Ever seen or heard of a property clock? Most likely not….. Here’s why it could change how and where you invest:
What is a Property Clock?
This is a property clock which is published monthly by national valuation firm, Herron Todd White (HTW) and is an overall indication of where they believe each market around the country presently sits.
As you can see, 12 o’clock represents the peak of the market and 6pm the bottom, with 3 o’clock and 9 o’clock representing declining or rising markets accordingly. Although a property clock does not provide specific growth or decline figures, it can be used as a guide for where investors could look to invest – or more importantly, where to avoid.
Multiple Property Clock cycles
A word of caution though. HTW issue separate property clocks for houses, units and commercial properties because each of these property types may be performing differently at any given time.
For example, Adelaide offices are shown as ‘approaching bottom of market,’ units are ‘starting recovery’ whereas houses are a ‘rising market.’ Further to this, micro-markets also exist within a State and often perform quite differently – hence in NSW the Far-North Coast, Mid-North Coast and Central Coast are shown at different places on the property clock.
Is My Real Estate Agent Lying?
So why is the local real estate agent talking up how great things are when the media is talking about corrections and declines in the property market? Are these agents just doing the ‘sales routine’ and putting on a brave face to make things seem better than they really are?
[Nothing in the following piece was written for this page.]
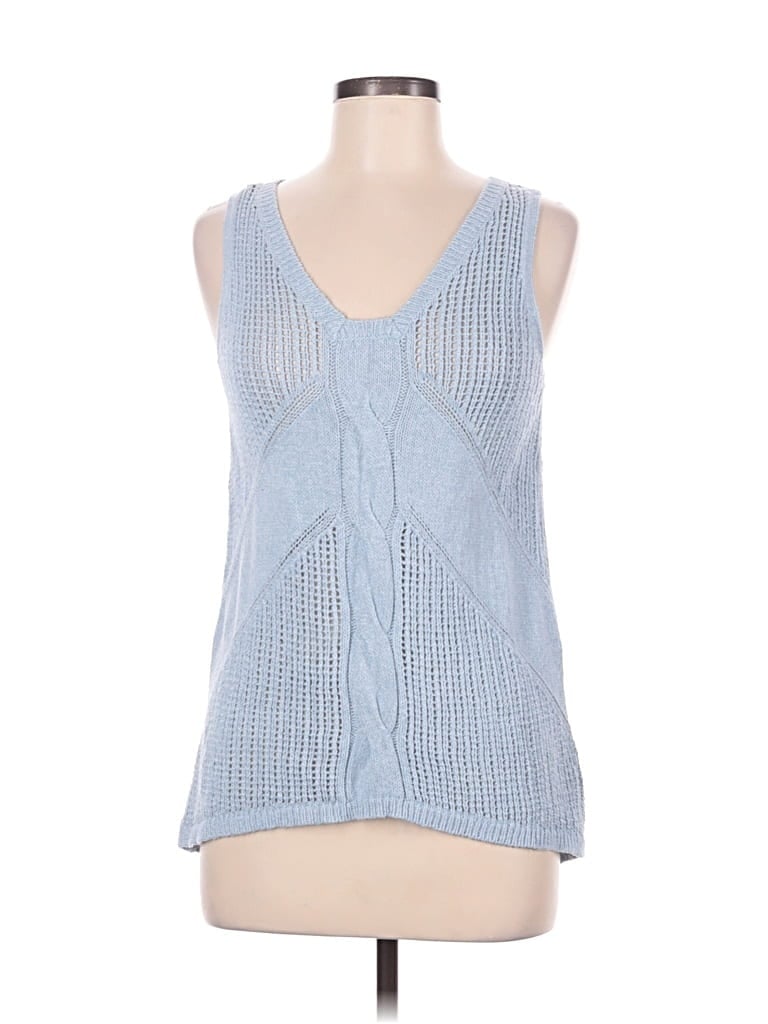 Pre-owned Cabi Tank Top Blue Plunge Neckline Tops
The answer is most likely, no. Sure, real estate agents are not generally considered to be the most ethical people on the planet – in fact, they are consistently voted as one of the least trusted professions, sharing the limelight with politicians, advertising people and used car salesmen! These agents are probably operating in a market that is actually performing well and the media as a whole is reporting only on the country’s largest market, Sydney – which is currently experiencing a general slow-down after a long time in the sunshine.